The Chinese communist regime sent a combat readiness patrol into the Taiwan Strait during a surprise visit to the island by a delegation of four U.S. senators and two U.S. representatives. 

In the midst of growing tensions generated by the maneuvers that foresee the invasion of Taiwan by the Chinese Communist Party (CCP), the regime’s Defense Ministry condemned the legislators’ visit, according to of Nov. 9. 

In this regard, the Defense Ministry expressed its rejection of the visit, saying, “We firmly oppose and strongly condemn this,” while an army spokesman mentioned the executed patrol in a report.

According to the statement, the patrol was motivated by the “gravely wrong” words and actions of “relevant countries” on the Taiwan issue and by the activities of pro-independence forces in Taiwan.

He added: “We hereby warn the U.S. side to immediately stop its provocative actions, immediately cease all destructive actions that lead to the escalation of tensions in the Taiwan Strait, and stop sending wrong signals to ‘Taiwan independence’ separatist forces.”

Among the visitors were Republican Senators John Cornyn of Texas and Mike Crapo of Idaho, who pushed the “Taiwan Deterrence Act” with other lawmakers last week.

This bill would allow conditional funding of $2 billion a year for the foreign military activity for Taiwan. 

This year, two other groups of U.S. lawmakers and senior officials visited Taiwan, challenging the CCP’s isolationist claims for the island, which it claims to belong to the mainland. 

Beijing has repeatedly warned Washington not to send officials or maintain formal contacts with Taiwan.

The CCP’s aggression against Taiwan has increased significantly.

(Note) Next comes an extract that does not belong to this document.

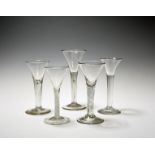 Five wine glasses, c.1750-60, with drawn trumpet bowls, three raised on plain stems with two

A Nov. 9 Taiwan military report noted that warplanes from the mainland conducted 554 “intrusions” into the island’s southwestern air defense identification zone over the past year. 

Relations between the two territories have deteriorated since Taiwan President Tsai Ing-wen, of the pro-independence Democratic Progressive Party, was elected president in 2016 and refused to accept the one-China principle sought by the CCP.

Tsai vowed not to give in to China’s growing military threats, saying, “We … will not act rashly, but there should be absolutely no illusions that the Taiwanese people will bow to pressure, during her Oct. 9 speech outside the presidential office in Taiwan’s capital, Taipei.

“This is because the path that China has laid out offers neither a free and democratic way of life for Taiwan, nor sovereignty for our 23 million people,” RFI reported.

On Taiwan’s National Day, his remarks came after Chinese Communist Party (CCP) General Secretary Xi Jinping urged “unification” of the democratic island with China once again.